ANOTHER LIFE: IF IT WEREN'T for the early whizz-by of the school bus, dashing to the furthest tendril of its morning round-up, I might suppose that children had vanished from all the houses between me and the mountain.
I mean child-size children, swinging satchels, not pushchair infants being taken out for a bit of occasional sunshine, of whom, I am delighted to say, there seem to be a few new ones.
What I’ve never seen, of course, is kids walking to school, though long ago there were many who did it barefoot, just like in the old photographs. That’s in the past, and well gone. But what surprised me early on, as a blow-in, was the lack of much sign that countryside kids enjoyed their natural landscape for play, adventure or imagining.
On the out-of-season strand there are all sorts of tracks – of seabirds, foxes, dogs and tractors – but never the spoor of junior boots. No one plays in the dunes or such scrubby woods as we have. Between the shore and the mountain most of the land is a warren of fences and other people’s fields; you don’t wander off the road.
Land means different things to town kids and country kids. To the first it’s “countryside”, a place apart, highly spoken of and pleasingly unknown. To the farmer’s son it is a workplace, best viewed from a tractor seat once puberty sets in.

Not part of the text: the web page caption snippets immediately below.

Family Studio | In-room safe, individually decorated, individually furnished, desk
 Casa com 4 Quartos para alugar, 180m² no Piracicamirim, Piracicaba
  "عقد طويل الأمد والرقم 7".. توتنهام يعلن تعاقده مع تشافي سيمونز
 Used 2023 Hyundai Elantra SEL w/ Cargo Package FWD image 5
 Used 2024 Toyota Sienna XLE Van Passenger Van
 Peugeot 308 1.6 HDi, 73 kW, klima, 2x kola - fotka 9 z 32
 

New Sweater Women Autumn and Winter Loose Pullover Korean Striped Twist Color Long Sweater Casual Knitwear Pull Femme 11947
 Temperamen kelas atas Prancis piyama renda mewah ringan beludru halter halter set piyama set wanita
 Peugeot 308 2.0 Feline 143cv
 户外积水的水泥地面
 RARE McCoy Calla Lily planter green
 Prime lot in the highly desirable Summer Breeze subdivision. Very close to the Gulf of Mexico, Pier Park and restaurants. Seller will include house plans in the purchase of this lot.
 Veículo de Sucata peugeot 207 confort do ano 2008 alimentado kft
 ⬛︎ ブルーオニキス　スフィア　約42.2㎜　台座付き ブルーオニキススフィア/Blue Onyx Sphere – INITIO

All this seems far from the worries about childhood obesity and the transfer of play, adventure and imagination from the physical world of nature to the virtual and invented one of PlayStations and other screens. For such deeper pathologies one could turn, perhaps, to Richard Louv's Last Child in the Woods: Saving Our Children from Nature Deficit Disorder.Since 2005, in the US, this has spawned whole networks of action to reconnect children with the natural world.
But even in Ireland, where the leaf burst of a horse-chestnut twig in a jam jar brings the miracle of spring to myriad infant schoolrooms decked with butterfly posters and the wild leaps of whales, the need to secure that connection in growing minds and hearts is of pressing importance.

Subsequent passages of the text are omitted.